To inspect the quality of your gear oil simply remove the 3 o’clock plug. Be sure to remove the plug slowly as there may be some pressure built up in the chamber. Slowly remove the plug to gradually depressurize.
You will notice some oil leaking out of the area and be sure to take note of the color and consistency of the oil. If the oil is solid black it's time to take action for an oil change. This color of the final drive oil indicates a lot of oxidation and pollution of soot and outside debris.
#2. Operating an Excavator With Broken Final Drive Motor
A good way to avoid any immediate and future mechanical issues to your excavator is to ensure that you are not operating the vehicle with a broken final drive motor to begin with. The first area of damage will be to your hydraulic system and its components fluid will be unable to lubricate the necessary parts along with an inability to filter out any radicals entering directly into your moving systems. Loud or clunky noises that are noticed to be abnormal coming from your tracks could be an indication of a faulty final drive motor.
#3. Neglecting Final Drive Motor Leaks
One way to ensure that you spend lots of time and money before your excavator runs effectively is to ignore any leaks, especially the leaks happening from your final drive gearbox. Leaks typically can be noticed behind the gearbox and from the appearance of fluid dripping down onto your excavator's tracks. This can be a serious issue and should be resolved immediately or as soon as possible to prevent catastrophic system failure to your excavator.
#4 Neglecting System Faulty Noise Cues
Being unaware of strange sounds -- Make sure you're always paying attention to how your machine actually sounds. You should be able to identify whenever your equipment is making new noises. Whether it's a strange screeching sound or you hear some extra vibration, there could be all kinds of underlying issues. So pay attention and have new sounds inspected right away.
Every operator should keep in mind specifically how your excavator sounds when it's fully and completely functional. Putting any abnormal audio cues from your excavators in the backseat of priorities is an extremely bad habit as whatever issue that is causing the loud and abstract noises from your machine signifies that the issue will only worsen over time. We know that it would be a miracle if your machine could somehow fix itself after a few days of sounding a little under the weather however this is not the case in any mechanical issue situation.

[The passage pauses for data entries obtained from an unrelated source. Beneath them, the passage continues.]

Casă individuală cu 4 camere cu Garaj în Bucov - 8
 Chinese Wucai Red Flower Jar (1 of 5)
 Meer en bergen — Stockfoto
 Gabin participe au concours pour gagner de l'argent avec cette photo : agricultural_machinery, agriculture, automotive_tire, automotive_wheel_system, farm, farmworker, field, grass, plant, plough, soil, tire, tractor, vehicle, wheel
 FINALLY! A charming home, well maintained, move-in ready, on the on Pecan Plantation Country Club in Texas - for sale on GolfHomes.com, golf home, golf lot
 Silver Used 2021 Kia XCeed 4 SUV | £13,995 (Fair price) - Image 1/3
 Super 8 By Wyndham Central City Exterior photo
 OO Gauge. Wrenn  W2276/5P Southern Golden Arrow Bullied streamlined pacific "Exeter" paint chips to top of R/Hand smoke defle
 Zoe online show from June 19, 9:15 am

Inspect your excavator to find the source of the issue immediately as this sound could be a result of loose or fallen parts and un-lubricated moving components that can cause severe wear and tear to your excavator's systems.
- Locate the area where the sound is coming from.
- Remove any coverings from the area as much as possible to rid of any obstacles between you and the mechanical issue.
- Conduct a full inspection making sure that all components are in their proper positions and there is no outside debris infiltrating the internal network of your excavator's systems.
- If you need any further assistance to pinpoint the issue consult the operator manual for your specific kind of excavator to paint a better picture of how everything should look and work.
By keeping a frequent and effective excavator inspection schedule you can effectively minimize any mechanical issue that may arise in the future just from sheer preparation. Follow the tips and tricks above to make sure you are properly conducting inspections and increasing your excavator's longevity.